You have to feel for Treefight For Sunlight. With the industry seemingly insistent that bands burst forth fully-formed, firing on all cylinders from the word go, it’s practically career suicide for your first album to merely suggest potential rather than scream instant magnificence. But that’s exactly what we get with the Copenhagen foursome’s self-titled debut. Treefight For Sunlight isn’t a knockout success, but it just about contains enough to suggest that, if there’s any justice, the Danes deserve a second crack of the whip.

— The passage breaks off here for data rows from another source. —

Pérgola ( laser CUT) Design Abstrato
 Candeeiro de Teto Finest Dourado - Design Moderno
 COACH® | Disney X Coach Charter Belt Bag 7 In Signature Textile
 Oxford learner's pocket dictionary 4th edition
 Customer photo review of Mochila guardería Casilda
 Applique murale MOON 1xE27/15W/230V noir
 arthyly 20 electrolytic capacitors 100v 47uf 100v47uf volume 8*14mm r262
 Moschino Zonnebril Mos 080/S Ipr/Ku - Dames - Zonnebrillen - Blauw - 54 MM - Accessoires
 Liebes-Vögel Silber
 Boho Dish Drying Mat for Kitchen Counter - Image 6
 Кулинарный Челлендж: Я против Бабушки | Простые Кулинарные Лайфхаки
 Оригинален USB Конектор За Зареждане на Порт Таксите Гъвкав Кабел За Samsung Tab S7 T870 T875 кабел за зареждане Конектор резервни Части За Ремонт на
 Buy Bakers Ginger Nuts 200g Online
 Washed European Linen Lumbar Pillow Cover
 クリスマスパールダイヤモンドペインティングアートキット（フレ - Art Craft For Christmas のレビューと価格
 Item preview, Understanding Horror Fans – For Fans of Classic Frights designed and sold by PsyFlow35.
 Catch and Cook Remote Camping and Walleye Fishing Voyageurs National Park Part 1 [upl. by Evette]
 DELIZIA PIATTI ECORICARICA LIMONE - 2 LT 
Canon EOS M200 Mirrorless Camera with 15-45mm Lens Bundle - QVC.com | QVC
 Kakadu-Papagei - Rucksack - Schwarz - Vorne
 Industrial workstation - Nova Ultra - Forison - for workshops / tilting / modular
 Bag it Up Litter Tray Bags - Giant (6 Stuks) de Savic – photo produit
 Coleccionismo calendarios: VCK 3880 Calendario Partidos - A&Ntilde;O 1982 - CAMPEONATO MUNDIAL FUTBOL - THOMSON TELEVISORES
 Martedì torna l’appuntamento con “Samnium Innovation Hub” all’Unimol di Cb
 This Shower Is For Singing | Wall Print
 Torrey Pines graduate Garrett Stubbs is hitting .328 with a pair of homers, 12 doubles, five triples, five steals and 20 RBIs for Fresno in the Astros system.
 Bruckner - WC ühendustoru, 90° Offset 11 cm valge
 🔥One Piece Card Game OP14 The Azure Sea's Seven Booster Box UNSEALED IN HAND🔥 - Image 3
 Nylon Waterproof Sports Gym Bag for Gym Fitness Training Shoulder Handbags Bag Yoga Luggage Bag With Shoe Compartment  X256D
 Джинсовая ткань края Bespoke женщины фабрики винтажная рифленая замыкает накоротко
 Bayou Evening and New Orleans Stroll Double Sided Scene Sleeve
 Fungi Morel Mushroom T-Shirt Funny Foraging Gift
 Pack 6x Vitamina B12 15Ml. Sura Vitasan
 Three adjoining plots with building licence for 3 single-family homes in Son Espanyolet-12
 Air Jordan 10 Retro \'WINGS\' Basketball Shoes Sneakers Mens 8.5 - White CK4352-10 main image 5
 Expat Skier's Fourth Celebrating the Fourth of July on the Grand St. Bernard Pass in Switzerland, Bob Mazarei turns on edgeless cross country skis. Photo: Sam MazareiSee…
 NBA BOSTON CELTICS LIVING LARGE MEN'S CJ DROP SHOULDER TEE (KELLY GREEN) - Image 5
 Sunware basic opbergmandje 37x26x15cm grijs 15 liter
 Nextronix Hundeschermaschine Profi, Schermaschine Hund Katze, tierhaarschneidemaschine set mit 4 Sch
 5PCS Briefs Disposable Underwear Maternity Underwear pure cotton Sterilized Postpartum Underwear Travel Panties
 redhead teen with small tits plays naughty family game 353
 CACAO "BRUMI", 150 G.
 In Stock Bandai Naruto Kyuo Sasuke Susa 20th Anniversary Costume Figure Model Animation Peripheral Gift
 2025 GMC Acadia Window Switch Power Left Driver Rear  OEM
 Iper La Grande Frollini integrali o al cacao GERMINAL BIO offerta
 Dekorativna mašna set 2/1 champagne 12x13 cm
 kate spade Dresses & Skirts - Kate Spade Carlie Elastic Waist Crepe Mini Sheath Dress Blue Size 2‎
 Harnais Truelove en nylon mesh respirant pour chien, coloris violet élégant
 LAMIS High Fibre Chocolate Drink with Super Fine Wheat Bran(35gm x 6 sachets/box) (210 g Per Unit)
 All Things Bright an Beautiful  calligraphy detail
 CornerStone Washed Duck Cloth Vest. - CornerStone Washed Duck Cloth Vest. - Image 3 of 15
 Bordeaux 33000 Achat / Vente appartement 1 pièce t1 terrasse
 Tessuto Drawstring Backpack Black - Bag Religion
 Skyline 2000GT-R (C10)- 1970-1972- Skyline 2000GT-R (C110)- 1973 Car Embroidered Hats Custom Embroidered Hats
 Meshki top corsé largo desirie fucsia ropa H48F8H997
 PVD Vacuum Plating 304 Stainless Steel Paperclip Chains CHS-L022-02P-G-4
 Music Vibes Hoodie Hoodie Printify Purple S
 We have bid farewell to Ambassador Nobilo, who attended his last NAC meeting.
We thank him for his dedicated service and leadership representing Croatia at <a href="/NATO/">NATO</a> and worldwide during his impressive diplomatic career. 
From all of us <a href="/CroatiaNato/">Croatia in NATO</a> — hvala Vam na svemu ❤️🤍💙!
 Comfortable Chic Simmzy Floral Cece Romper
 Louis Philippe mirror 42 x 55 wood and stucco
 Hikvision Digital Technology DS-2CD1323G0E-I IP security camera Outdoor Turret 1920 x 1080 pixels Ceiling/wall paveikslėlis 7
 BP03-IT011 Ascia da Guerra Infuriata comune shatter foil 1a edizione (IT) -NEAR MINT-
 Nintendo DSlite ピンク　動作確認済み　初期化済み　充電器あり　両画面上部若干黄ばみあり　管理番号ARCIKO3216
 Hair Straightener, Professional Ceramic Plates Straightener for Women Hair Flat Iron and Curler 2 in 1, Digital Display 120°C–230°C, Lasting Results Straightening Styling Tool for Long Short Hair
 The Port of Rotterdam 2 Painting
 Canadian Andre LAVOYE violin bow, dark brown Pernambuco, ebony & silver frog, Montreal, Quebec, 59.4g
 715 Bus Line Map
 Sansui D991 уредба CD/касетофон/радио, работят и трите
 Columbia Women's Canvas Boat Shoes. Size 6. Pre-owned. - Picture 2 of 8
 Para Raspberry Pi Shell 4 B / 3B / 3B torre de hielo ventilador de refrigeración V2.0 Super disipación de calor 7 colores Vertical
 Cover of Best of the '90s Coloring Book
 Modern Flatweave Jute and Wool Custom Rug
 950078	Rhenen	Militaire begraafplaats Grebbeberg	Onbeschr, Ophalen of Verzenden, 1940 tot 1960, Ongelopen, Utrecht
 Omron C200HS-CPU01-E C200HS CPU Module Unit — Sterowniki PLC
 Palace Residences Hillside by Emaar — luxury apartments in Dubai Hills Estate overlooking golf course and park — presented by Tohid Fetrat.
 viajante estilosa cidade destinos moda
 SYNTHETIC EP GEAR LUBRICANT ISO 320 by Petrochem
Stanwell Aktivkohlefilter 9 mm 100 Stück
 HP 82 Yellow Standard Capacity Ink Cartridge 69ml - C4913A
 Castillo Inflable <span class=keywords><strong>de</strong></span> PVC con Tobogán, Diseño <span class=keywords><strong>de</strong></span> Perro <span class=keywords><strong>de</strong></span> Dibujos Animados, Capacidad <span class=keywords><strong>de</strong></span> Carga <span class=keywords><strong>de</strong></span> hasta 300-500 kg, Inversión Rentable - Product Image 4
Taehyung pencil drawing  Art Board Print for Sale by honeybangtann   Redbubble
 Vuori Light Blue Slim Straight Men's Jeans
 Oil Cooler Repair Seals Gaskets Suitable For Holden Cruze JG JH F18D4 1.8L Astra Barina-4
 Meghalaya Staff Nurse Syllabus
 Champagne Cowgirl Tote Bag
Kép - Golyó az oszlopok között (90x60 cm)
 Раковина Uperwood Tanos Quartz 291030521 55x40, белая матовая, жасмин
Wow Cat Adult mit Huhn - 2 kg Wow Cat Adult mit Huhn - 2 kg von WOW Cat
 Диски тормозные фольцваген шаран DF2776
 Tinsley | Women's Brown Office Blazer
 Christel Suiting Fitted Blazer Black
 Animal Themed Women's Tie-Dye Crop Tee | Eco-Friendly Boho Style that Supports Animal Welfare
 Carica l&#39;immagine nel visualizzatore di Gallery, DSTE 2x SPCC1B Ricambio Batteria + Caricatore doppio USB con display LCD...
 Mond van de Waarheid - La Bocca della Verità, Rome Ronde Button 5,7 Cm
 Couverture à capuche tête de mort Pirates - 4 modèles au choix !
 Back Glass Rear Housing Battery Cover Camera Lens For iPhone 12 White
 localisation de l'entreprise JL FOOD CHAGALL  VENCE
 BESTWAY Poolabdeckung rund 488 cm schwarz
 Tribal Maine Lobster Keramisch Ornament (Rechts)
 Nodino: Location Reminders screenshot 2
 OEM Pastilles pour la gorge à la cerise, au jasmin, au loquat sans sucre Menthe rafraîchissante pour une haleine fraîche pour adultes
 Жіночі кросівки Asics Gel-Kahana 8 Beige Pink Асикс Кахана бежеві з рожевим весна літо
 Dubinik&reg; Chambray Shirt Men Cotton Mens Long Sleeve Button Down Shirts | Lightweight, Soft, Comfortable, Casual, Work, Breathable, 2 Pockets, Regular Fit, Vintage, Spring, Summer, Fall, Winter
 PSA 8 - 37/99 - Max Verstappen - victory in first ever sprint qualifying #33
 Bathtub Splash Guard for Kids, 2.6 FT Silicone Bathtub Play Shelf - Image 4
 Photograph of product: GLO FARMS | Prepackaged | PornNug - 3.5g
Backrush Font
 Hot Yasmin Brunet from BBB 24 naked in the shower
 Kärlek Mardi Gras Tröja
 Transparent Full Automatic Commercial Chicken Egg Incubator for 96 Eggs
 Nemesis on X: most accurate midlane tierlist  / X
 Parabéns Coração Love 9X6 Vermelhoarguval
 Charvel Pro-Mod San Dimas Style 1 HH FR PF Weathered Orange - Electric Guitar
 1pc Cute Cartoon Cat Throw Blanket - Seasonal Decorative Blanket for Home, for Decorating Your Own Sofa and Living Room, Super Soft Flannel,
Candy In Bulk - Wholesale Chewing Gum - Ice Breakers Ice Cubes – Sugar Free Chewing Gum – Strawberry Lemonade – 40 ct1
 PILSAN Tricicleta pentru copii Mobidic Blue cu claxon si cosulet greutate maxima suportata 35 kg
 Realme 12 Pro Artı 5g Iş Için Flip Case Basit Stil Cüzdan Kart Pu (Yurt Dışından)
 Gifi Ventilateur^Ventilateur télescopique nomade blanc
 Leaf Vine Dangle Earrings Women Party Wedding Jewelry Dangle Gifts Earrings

On paper, theirs is a beguiling proposition – imagine a slightly cartoonish take on Sixties West Coast psychedelia, augmented by vocal layers reminiscent of MGMT or Panda Bear. Indeed, the enchanting curtain raiser ‘A Dream Before Sleep’ does a good job of whetting the appetite. But as first song proper ‘You And The New World’ moves into focus, the excitement levels are quickly dampened. It has decent ear-candy value, so isn’t completely without charm – but as a song, it’s a non-starter.
And the album’s a real mixed bag from here on. The bright and breezy ‘Facing The Sun’ is enjoyable, if a little lightweight, yet it’s sandwiched between the utterly forgettable ‘They Never Did Know’ and the so-jaunty-it’s-actually-quite-annoying ‘Rain Air’. That’s not to say that all the jauntiness is unwelcome, though – the rousing sing-along ‘What Became Of You And I’ is by some distance the album highlight, even though it’d be far better suited to CBBC than to the Brixton Academy.
With ‘Time Stretcher’, the record ends on an uncharacteristically intense, broody note. But while it means the album lacks a satisfying pay-off, it also signals a path via which Treefight For Sunlight can develop and mature. But with their debut album being so patchy, they may not be given the chance.